- Theatrical release poster by Drew Struzan
- Directed by: Jerry Paris
- Written by: Barry W. Blaustein David Sheffield
- Based on: Characters by Neal Israel; Pat Proft;
- Produced by: Paul Maslansky Leonard Kroll
- Starring: Steve Guttenberg; Bubba Smith; David Graf; Michael Winslow; Bruce Mahler; Colleen Camp; Art Metrano; Marion Ramsey; Howard Hesseman; George Gaynes;
- Cinematography: James Crabe
- Edited by: Bob Wyman
- Music by: Robert Folk
- Production company: The Ladd Company
- Distributed by: Warner Bros.
- Release date: March 29, 1985;
- Running time: 87 minutes
- Country: United States
- Language: English
- Budget: $7.5 million
- Box office: $115 million

= Police Academy 2: Their First Assignment =

1985 film directed by Jerry Paris

Police Academy 2: Their First Assignment is a 1985 American comedy film directed by Jerry Paris. It is the second installment in the Police Academy franchise and the sequel to Police Academy.

Many actors who were in the first film return to reprise their roles. Steve Guttenberg, as Officer Carey Mahoney, the class clown; former American football player Bubba Smith returns as the colossal Moses Hightower; Marion Ramsey is featured again as the soft-spoken Laverne Hooks; David Graf returns as gun-crazy Officer Eugene Tackleberry; Michael Winslow returns as sound effects master Officer Larvell Jones and veteran actor George Gaynes returns as Commandant Eric Lassard. This is the only film in the franchise in which Leslie Easterbrook did not appear as Callahan.

New faces in Police Academy 2 include Howard Hesseman as Captain Pete Lassard (the brother of Police Academy commandant Eric Lassard); Bobcat Goldthwait as Zed McGlunk, the leader of "The Scullions", an obnoxious gang; Art Metrano as Lt. Ernie Mauser; Peter Van Norden as slobbish police dog Officer Vinnie Schtulman; Tim Kazurinsky as hapless business owner Carl Sweetchuck; and Lance Kinsey as Sgt. Carl Proctor. In the film, the Police Academy cadets have graduated and are assigned to the worst precinct in town, where they have to help Captain Pete Lassard fight Zed's gang. The film was followed by Police Academy 3: Back in Training (1986).

==Plot==
In an unnamed city, serious crime is increasing, particularly in the 16th precinct, which is beset by erratic criminal Zed McGlunk and his violent gang, the Scullions. With the citizens turning against the ineffective, outnumbered, and aging Metropolitan Police, chief Henry Hurst orders precinct Captain Pete Lassard to get the situation under control within 30 days or be replaced, granting him six new officers from the police academy graduating class of 1984: laidback Carey Mahoney, prankster Larvell Jones, gun-fanatic Eugene Tackleberry, gentle giant Moses Hightower, soft-spoken Laverne Hooks and bumbling Douglas Fackler. Seeing an opportunity to take Lassard's position, his Lieutenant, Ernie Mauser, plots to undermine his efforts and the new recruits, alongside his dim-witted partner, Sergeant Carl Proctor.

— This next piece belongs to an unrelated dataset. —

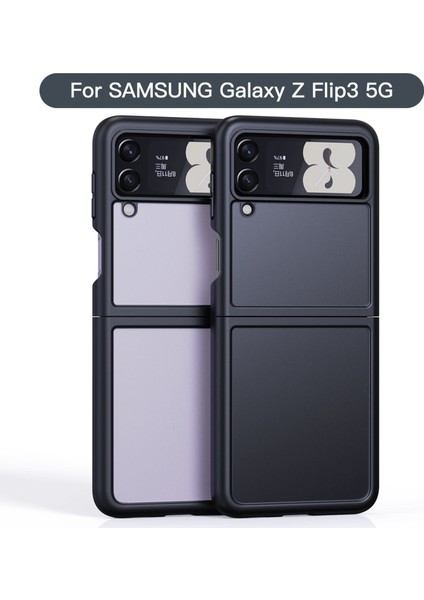 Samsung Galaxy Z Flip3 Için Tpu + Pc Telefon Kılıfı 5g Şeffaf Siyah (Yurt Dışından) fiyatları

Tackleberry is reluctantly partnered with Sergeant Kathleen Kirkland, but quickly falls in love with her after realizing they share a passion for firearms. While on patrol, Mahoney and his new partner, the slobby Vinnie Schtulman, respond to an armed robbery at a lamp store owned by businessman Carl Sweetchuck. Chaos ensues when additional officers arrive and mistakenly open fire on each other, allowing the robbers to escape. The confusion leaves the store in ruins, causing $76,813 in damages. Mauser attempts to suspend the officers, but Mahoney's impassioned plea convinces Lassard to give them another chance. Mauser punishes Mahoney by assigning him and Schtulman to patrol a smog-filled road tunnel. In return, Mahoney swaps Mauser's shampoo for an epoxy resin, which glues his hands to his head and leaves him wandering the station naked and pleading for help.

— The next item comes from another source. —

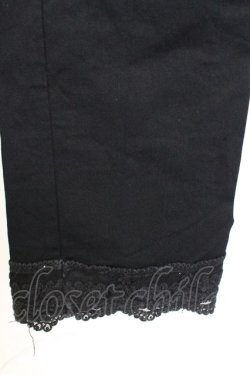 画像4: axes femme / 裾レースストレッチパンツ M 黒 T-25-12-25-036-AX-PA-SA-ZT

Meanwhile, Zed's gang continues to vandalise and loot the area. Lassard confronts some of Zed's men but ends up outnumbered, spray-painted, and humiliated. Afterward, he gives his officers an inspiring speech, ordering them to take the gang down once and for all. The officers arrest forty-two gang members, sometimes inadvertently. Mauser, seeking to undermine their progress, releases the prisoners, citing improper arrest procedures and excessive force. Mahoney retaliates by arranging for Mauser to undergo a forced body cavity search. Later, Tackleberry and Kirkland go on a date, before professing their love for each other and having sex, after removing their numerous concealed weapons.

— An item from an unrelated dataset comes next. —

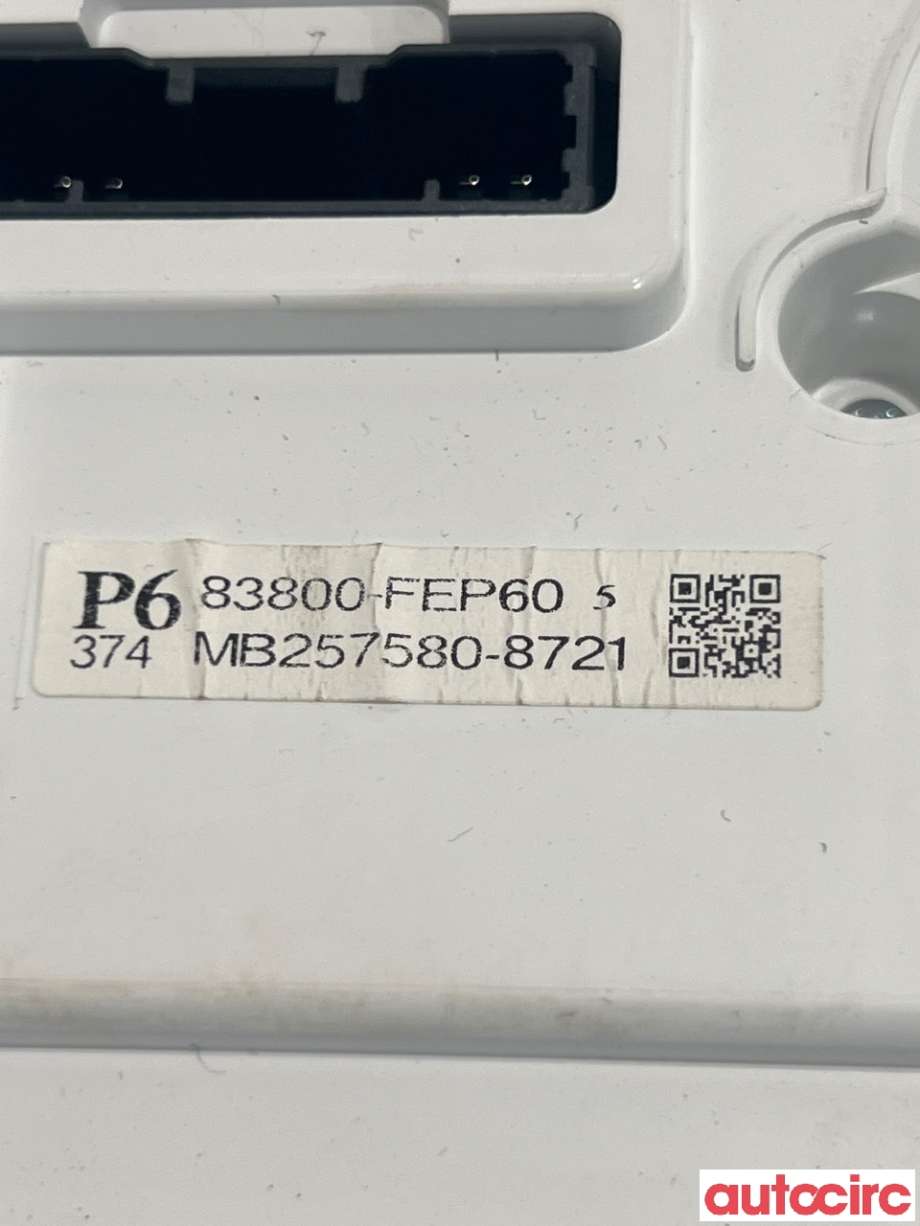 Instrumentpanel til Toyota Corolla 2019-->>  (TOYOTA|83800FEV90||83800FEP60)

On the advice of his brother, Eric, Lassard hosts a street fair to regain public support. Zed's men arrive and mayhem ensues as the officers are unable to maintain control. The following day, Lassard is removed from the precinct and Mauser is promoted to captain. Mauser suspends Mahoney for the body cavity search, and Schtulman for defending him. The pair plot with Lassard to investigate the gang themselves, sending Mahoney undercover as Jughead, a former member of The Archies gang. Lassard and Schtulman listen in using a concealed Mr. Microphone on Mahoney, as he is taken to the gang's lair in the old abandoned zoo, but he is discovered when the microphone broadcasts a radio advertisement, leading to a knife fight between him and Zed.

Lassard summons every available officer to the zoo, but, hoping to take credit for the arrest, Mauser attempts to infiltrate it himself, resulting in him being trapped hanging upside down. The other officers raid the zoo, leading the gang to panic and attempt to flee, while Lassard, Mahoney, and Laverne confront and arrest Zed and his gang.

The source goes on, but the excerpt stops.